- **YOUR ASSIGNMENT**:
Among the entries, which lines carry the string "Casa"? Copy every one.

- **DATA IN THIS EXERCISE**:

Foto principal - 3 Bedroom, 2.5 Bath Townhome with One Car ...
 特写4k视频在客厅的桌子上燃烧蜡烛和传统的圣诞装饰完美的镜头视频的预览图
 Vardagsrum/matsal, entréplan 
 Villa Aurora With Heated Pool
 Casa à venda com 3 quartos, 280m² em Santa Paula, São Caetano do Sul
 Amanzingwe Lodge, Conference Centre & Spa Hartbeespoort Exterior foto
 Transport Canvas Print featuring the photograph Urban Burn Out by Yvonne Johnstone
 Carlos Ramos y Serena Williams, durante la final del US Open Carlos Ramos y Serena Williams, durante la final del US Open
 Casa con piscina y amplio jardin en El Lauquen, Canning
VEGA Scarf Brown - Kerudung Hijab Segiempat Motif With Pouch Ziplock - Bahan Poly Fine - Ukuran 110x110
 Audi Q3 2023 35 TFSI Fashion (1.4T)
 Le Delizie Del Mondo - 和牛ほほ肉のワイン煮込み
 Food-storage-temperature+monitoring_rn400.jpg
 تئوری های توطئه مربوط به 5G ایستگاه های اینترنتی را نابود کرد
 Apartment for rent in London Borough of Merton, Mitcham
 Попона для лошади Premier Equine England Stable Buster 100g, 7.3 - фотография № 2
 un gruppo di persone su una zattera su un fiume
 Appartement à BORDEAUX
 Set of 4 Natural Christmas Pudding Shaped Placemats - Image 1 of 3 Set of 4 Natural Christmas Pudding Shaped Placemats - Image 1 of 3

- **TASK SOLUTION**:
 Casa à venda com 3 quartos, 280m² em Santa Paula, São Caetano do Sul
 Casa con piscina y amplio jardin en El Lauquen, Canning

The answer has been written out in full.